I'ts a simple simulation but interesting nevertheless. Inflation targeting had the worst welfare result of any of the monetary rules.
There are strong reasons for a modern central bank to have an explicit target for the rate of inflation. However, there are good reasons to discuss a) the choice of a tolerance band around the target rate and b) the ranking between price stability (that is inflation targeting) and financial stability.
Sweden changed in September 2017 to a variation band of 1-3 per cent (see https://www.riksbank.se/en-gb/monetary-policy/the-inflation-target/). Andersson and Jonung wrote about Sweden as an example just before (May 2017) the implementation of an explicit tolerance band see https://voxeu.org/article/inflation-targets-and-benefits-explicit-tolerance-ban
Why we dont we have zero inflation rate. I think that is possible but is that ideal. I think no, during boom it is easy to control inflation as most want to desire it to be zero. but during recession the problem is if we let inflation rate at zero we will hit the zero lower bound which mean that monetary tools will be ineffecttive . This problem leave central bank less room to put the ecnomy back to its full employment. I think for most part inflation targeting regime work on its purpose.
In many countries, one of the main functions of monetary policy is to maintain a low, one-digit level of inflation. Given the financial system, it is the central bank that has the strongest instruments to influence inflation. Central bank instruments should work and should be used prudently. The central bank should influence the level of inflation to control too large and too rapid changes in the level of inflation, which without this control could lead to hyperinflation and the economic crisis.
My view is that central banks should aim for zero inflation. Any inflation distorts the communication between buyers and sellers, and the true real prices against all other goods and services. If this makes central banking jobs harder, that's their problem, not ours. With zero inflation, the real interest rate is the nominal rate. No guessing anymore. Contracts can be written with long maturities because of the certainty of the borrowing rate.
As a strategy, inflation targeting views the primary goal of the central bank as maintaining price stability. Raising interest rates is said to slow inflation and therefore slow economic growth. Lowering interest rates is believed to boost inflation and speed up economic growth.

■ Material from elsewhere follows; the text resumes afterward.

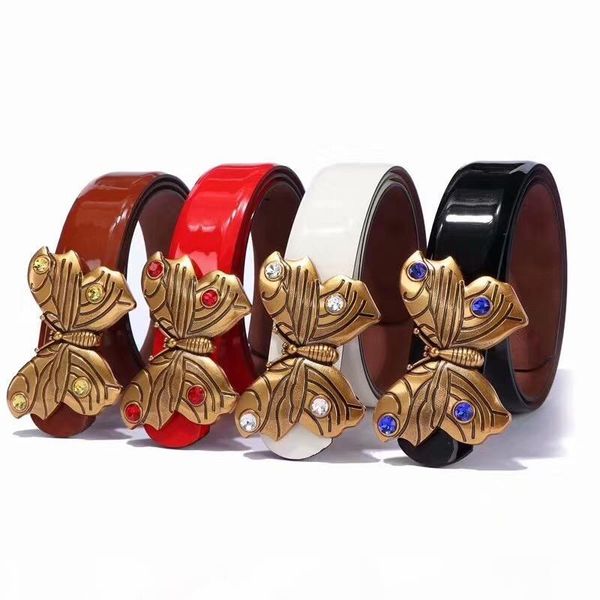 

2019 new luxury women belt designer belt fashion mosaic diamond butterfly buckle female chastity belt ing, Black;brown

There are major problems with aiming for a zero inflation rate. One is the measurement problem. With the usual price indices there are built in biases, so a measured inflation rate of zero does not mean that a "true" inflation rate is zero.
Another is that there are downward "sticky" nominal wages. In the case of a drop in demand if wages were fully flexible wages in some markets would decline. If they are sticky downward they do not decline. This leads to adjuctment that is all quantitative (decline in employment) with no wage change component. This also implies mostly quantitative adjustment in related product markets. If there is a small but positive inflation rate real wages in those markets can decline with no drop in nominal wages. This can mean a more efficient adjustment with less loss of employment and output.
I also note that central banks cannot expect to hit a single value target, at best they can hope to stay in a modest range, if they tried to hit zero they would spend (in a simple analyis) spend half their time in the negative range and the costs of deflation (even at low levels) are likely to be greater that the costs of positive inflation (with the same absolute value).
This discussion does not show that central banks should or should not have an inflation target, just that if they do it should not be zero. With respect to the basic question: Having a target and convincing the public that they will generally hit it (stay in a given range or below a given value) may help prevent the kind of expectations that cause destabilizing inflation dynamics. Or this may not work.